§ TRY IT: No pictures should appear in the copy. Reproduce exactly the lines from the one containing "Stella McCartney Kids" through the end of the material below.

§ DATA BELOW:
============
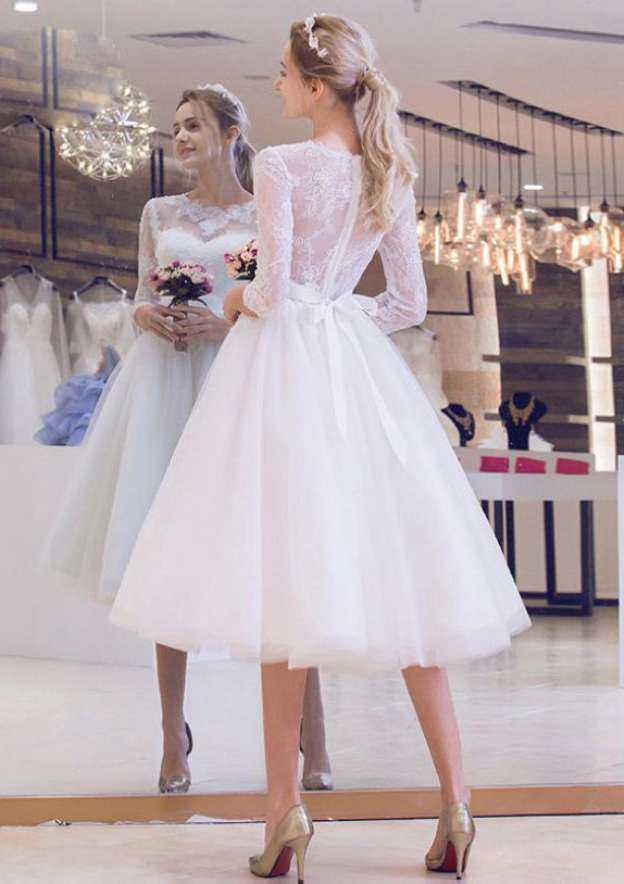Lace Bateau Tulle A-Line/Princess Wedding Dress with Tea-Length Skirt BM bride
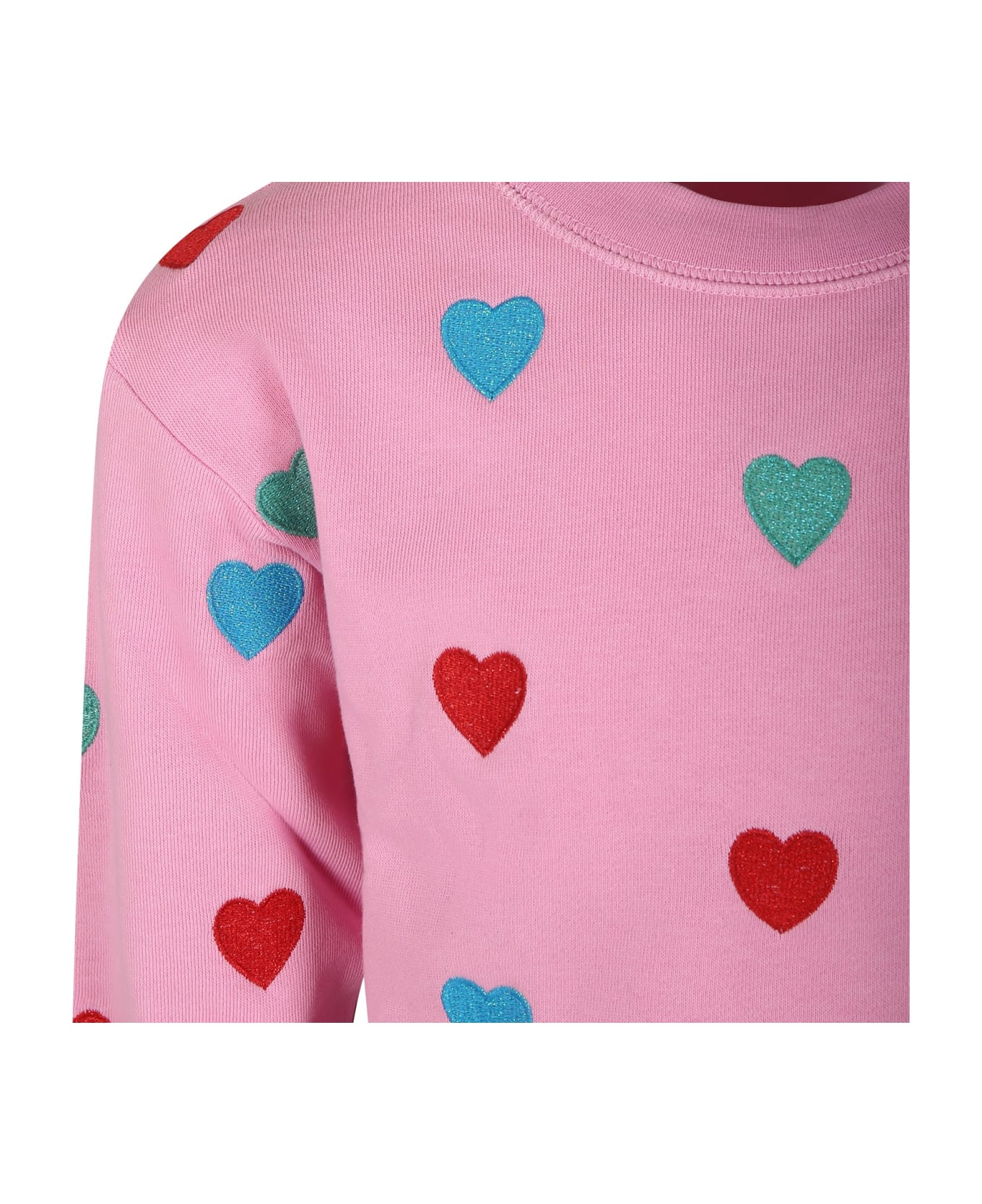 Stella McCartney Kids Pink Sweatshirt For Girl With Hearts - Pink
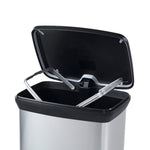 Curver rechthoekige pedaalemmer Decobin 50 liter zilver/zwart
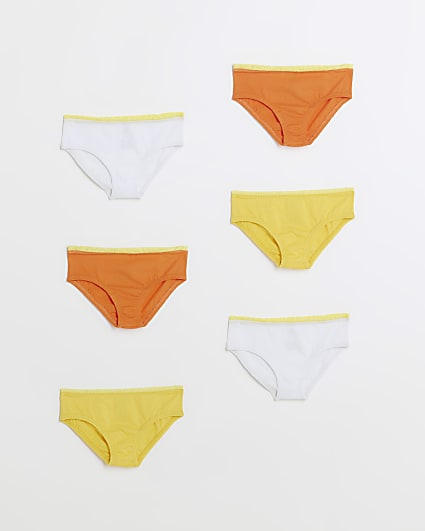 Mini girls orange frill briefs 6 pack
============
§ REPLY TO THE TASK:
 Stella McCartney Kids Pink Sweatshirt For Girl With Hearts - Pink
 Curver rechthoekige pedaalemmer Decobin 50 liter zilver/zwart
 Mini girls orange frill briefs 6 pack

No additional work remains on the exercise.